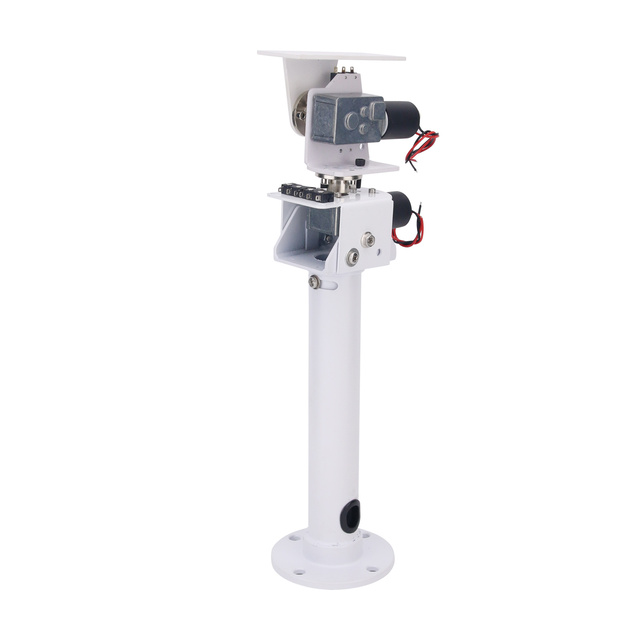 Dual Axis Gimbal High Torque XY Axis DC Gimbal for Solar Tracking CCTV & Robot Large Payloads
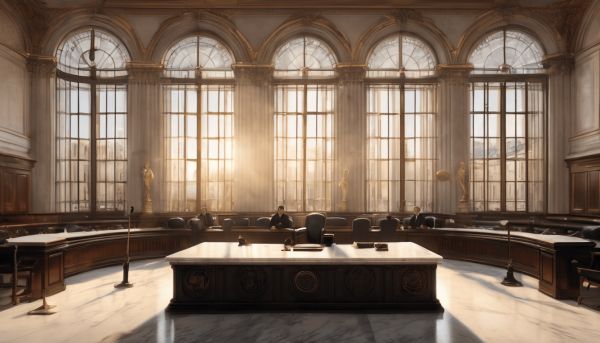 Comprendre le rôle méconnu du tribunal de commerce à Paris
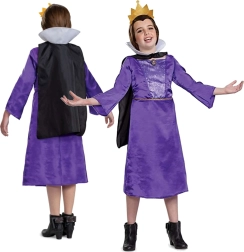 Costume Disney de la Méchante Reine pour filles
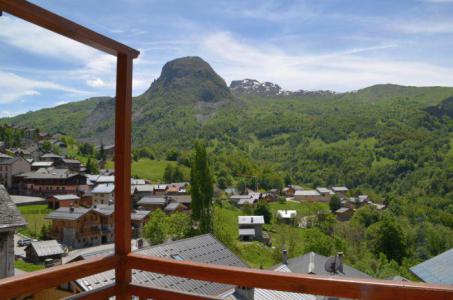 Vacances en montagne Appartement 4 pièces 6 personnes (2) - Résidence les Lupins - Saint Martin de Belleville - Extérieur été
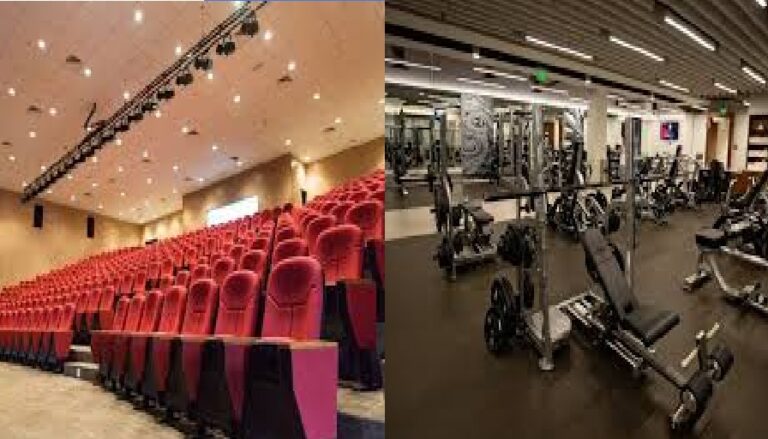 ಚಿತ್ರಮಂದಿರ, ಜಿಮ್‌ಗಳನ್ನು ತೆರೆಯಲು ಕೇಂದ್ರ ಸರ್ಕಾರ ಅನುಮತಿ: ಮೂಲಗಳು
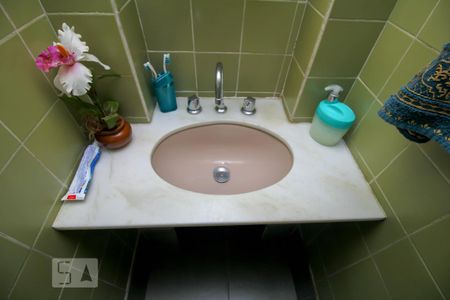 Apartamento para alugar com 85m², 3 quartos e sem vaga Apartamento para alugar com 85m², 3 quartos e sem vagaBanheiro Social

========================================

## REQUIRED WORK
Beginning with the line that contains "Costume Disney de" in the data above, please copy each line exactly until the last line, both ends included, skipping any pictures.

## RESPONSE AREA
 Costume Disney de la Méchante Reine pour filles
 Vacances en montagne Appartement 4 pièces 6 personnes (2) - Résidence les Lupins - Saint Martin de Belleville - Extérieur été
 ಚಿತ್ರಮಂದಿರ, ಜಿಮ್‌ಗಳನ್ನು ತೆರೆಯಲು ಕೇಂದ್ರ ಸರ್ಕಾರ ಅನುಮತಿ: ಮೂಲಗಳು
 Apartamento para alugar com 85m², 3 quartos e sem vaga Apartamento para alugar com 85m², 3 quartos e sem vagaBanheiro Social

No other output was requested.